Dear Mr. Cahill,
I am more sorry than I can say to be unable to send you the copy of the Builder's Review that you kindly sent me. But before receiving your note I had, in my own interest, searched high and low for it, in vain. Somebody stole it from my table. I especially valued it after the catastrophe, but should have been doubly pleased to have it for you.
It was indeed a rough deal you San Franciscans got. I had always expected to go back to the good old town some day, but I have no desire to see the new town, if there is to be one. I fear the fire consumed even the ghosts that used to meet me at every street corner—ghosts of dear dead friends, oh, so many of them!
Please accept my sympathy for your losses. I too am a "sufferer," a whole edition of my latest book, plates and all, having gone up in smoke and many of my friends being now in the "dependent class." It hit us all pretty hard, I guess, wherever we happened to be.
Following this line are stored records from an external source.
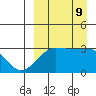 Okee Bay tide chart for Monday, September 9, 2024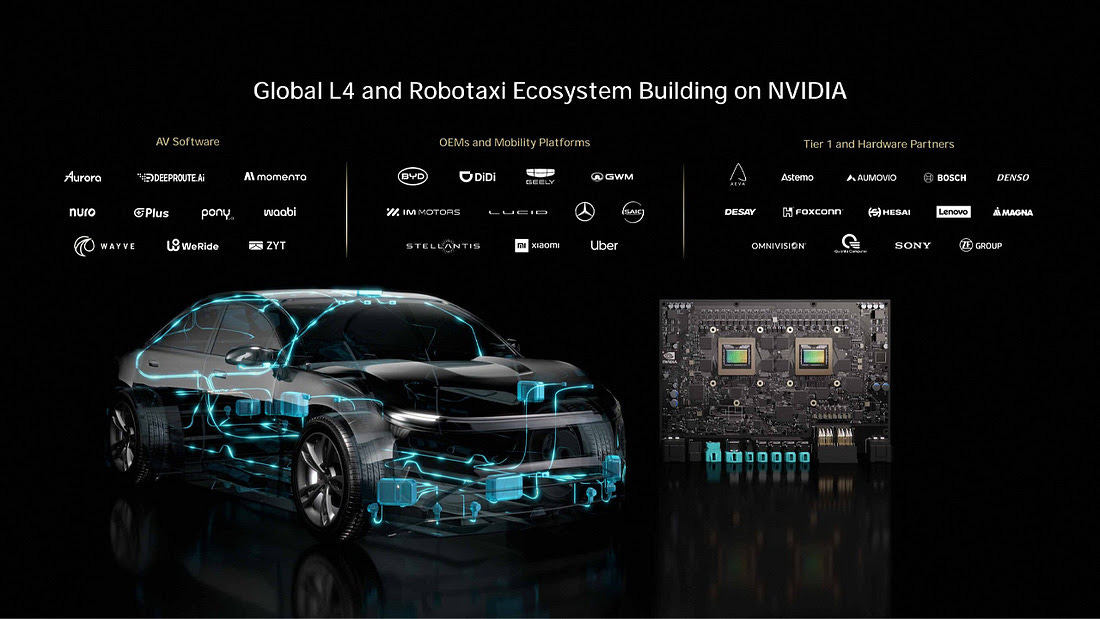 輝達AI 自駕模型Alpamayo 登場！Elon Musk：要做到99% 很容易- electrify.tw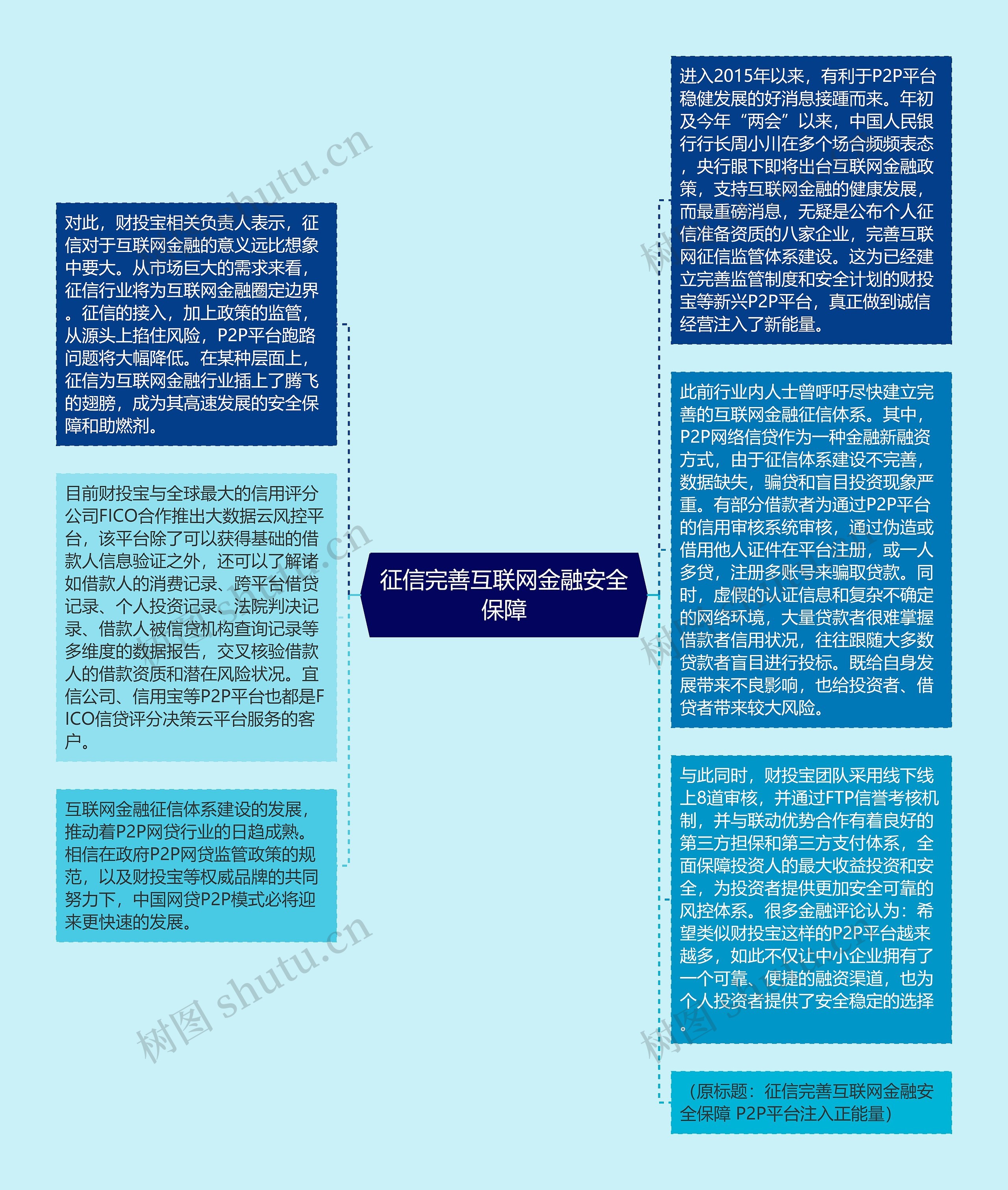 征信完善互联网金融安全保障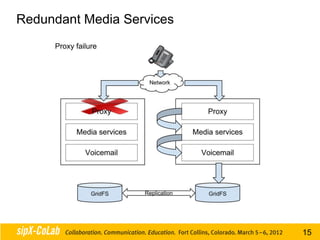 Redundant Media Services




                           15
 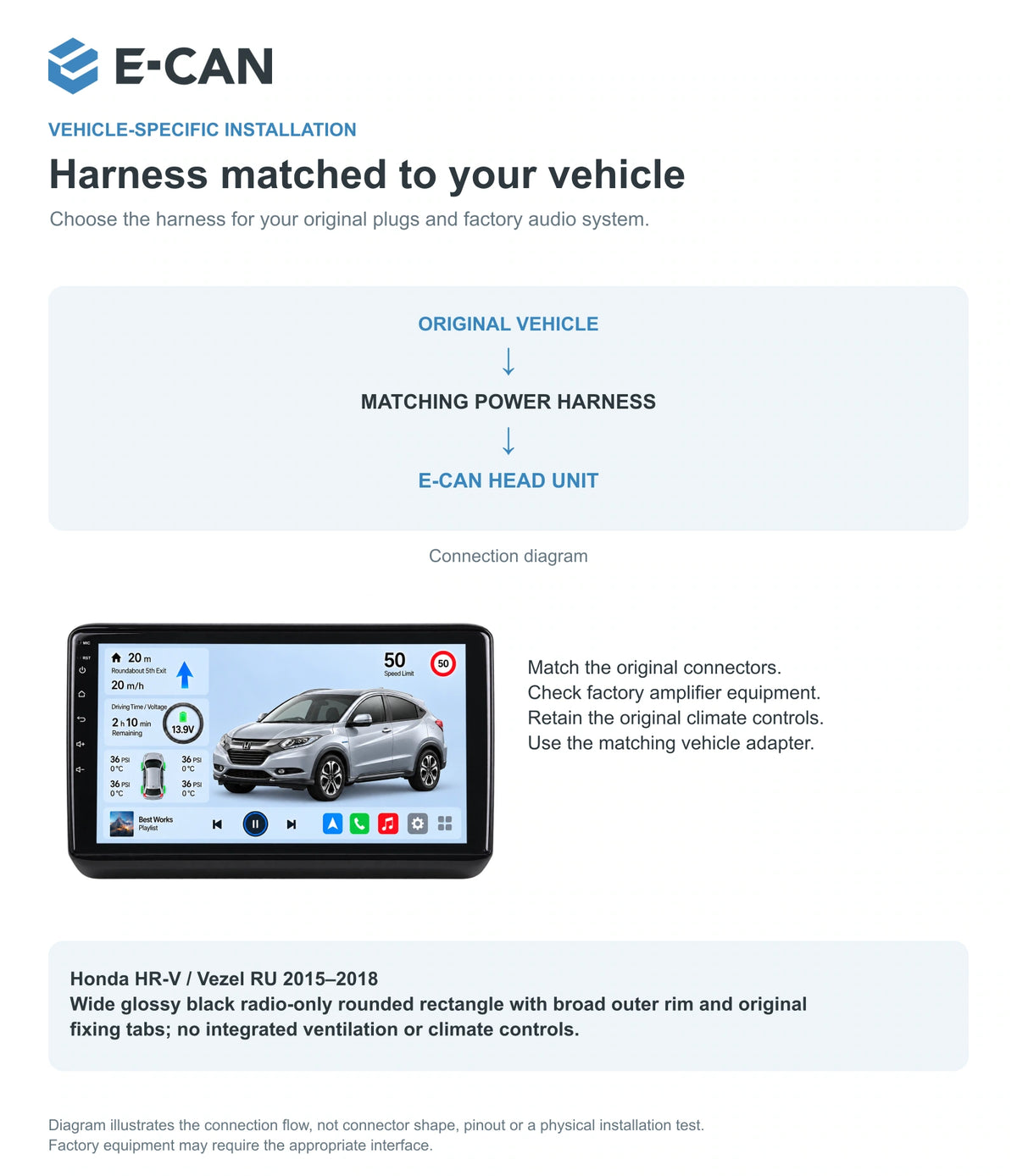 Honda HR-V / Vezel RU 2015–2018 10.1-inch — 09 fit and installation; installation/UI graphics are illustrative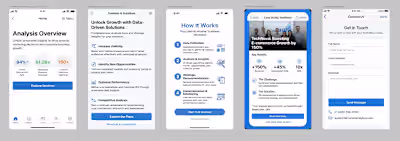 First iterations coming good!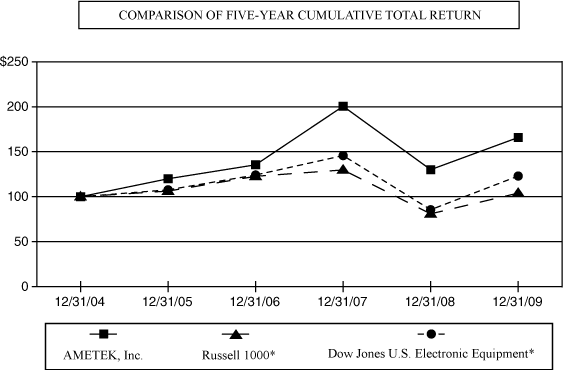 (PERFORMANCE GRAPH)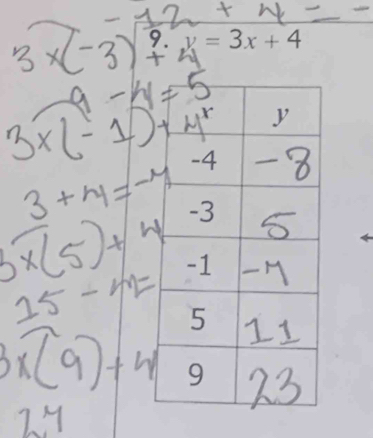 3×(3)34—
9-4=5
3* (-1)+4^r
3+m=-4
5* (5)+4
15-42=
3* (9)+4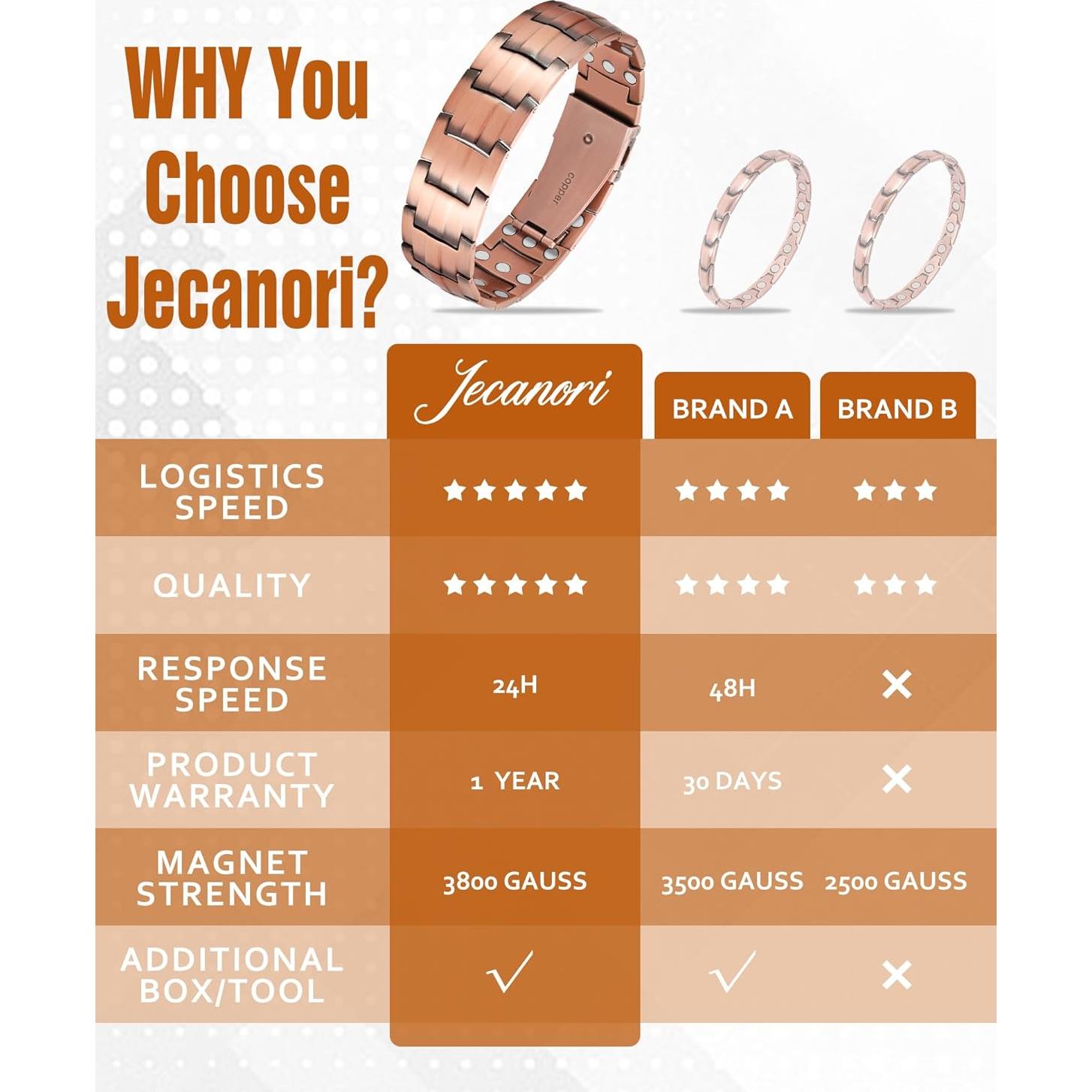 Pulsera Magnética de Cobre Jecanori para Hombres 22.5 cm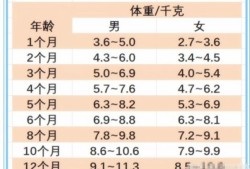 6个月的宝宝一天拉几次正常,6个月的胎儿正常体重有多少斤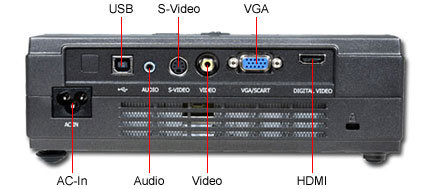 Optoma EP7155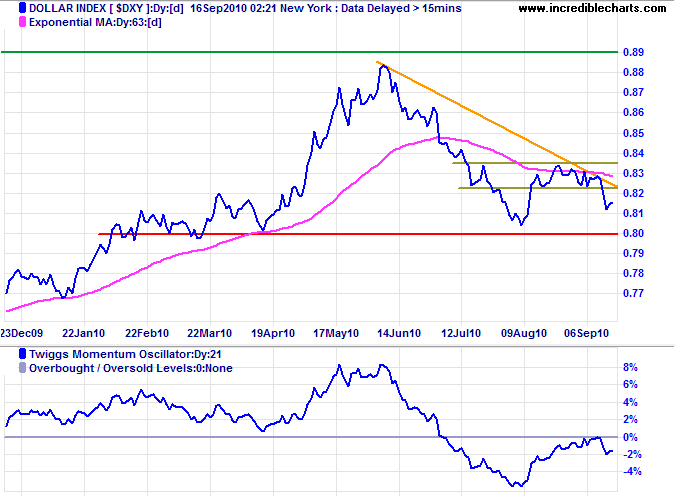 US Dollar Index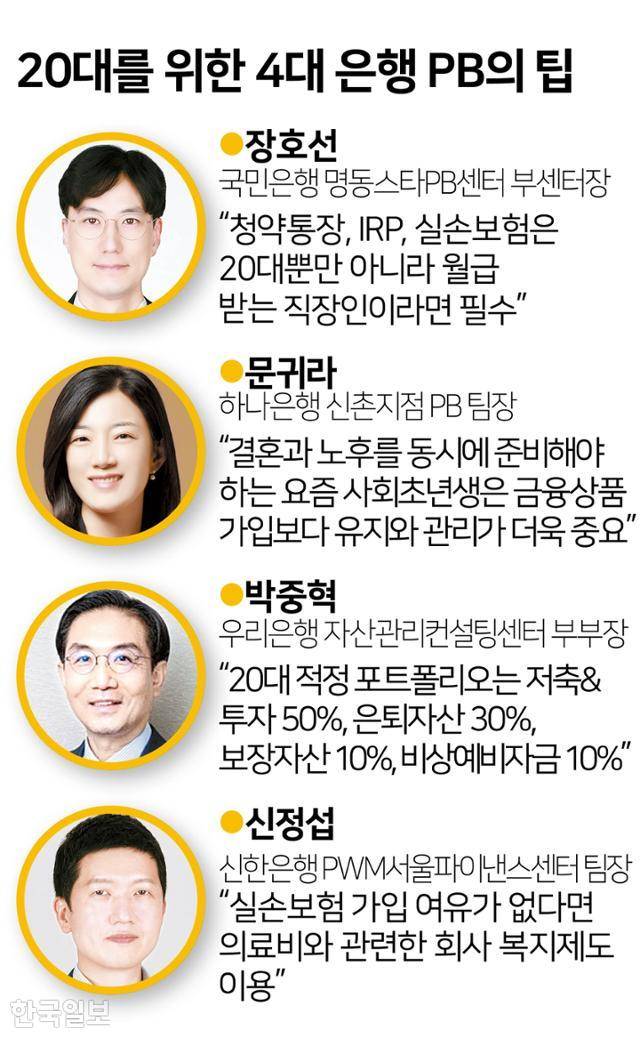 20대를 위한 4대 시중은행 PB의 팁. 그래픽=김문중 기자
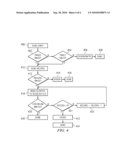 EEPROM EMULATION USING FLASH MEMORY diagram and image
Sincerely yours, Ambrose Bierce.
Washington, D. C,
August 11,
1906.
Dear George,
* * *
If your neighbor Carmelites are really "normal" and respectable I'm sorry for you. They will surely (remaining cold sober themselves) drive you to drink. Their sort affects me that way. God bless the crank and the curio!—what would life in this desert be without its mullahs and its dervishes? A matter of merchants and camel drivers—no one to laugh with and at.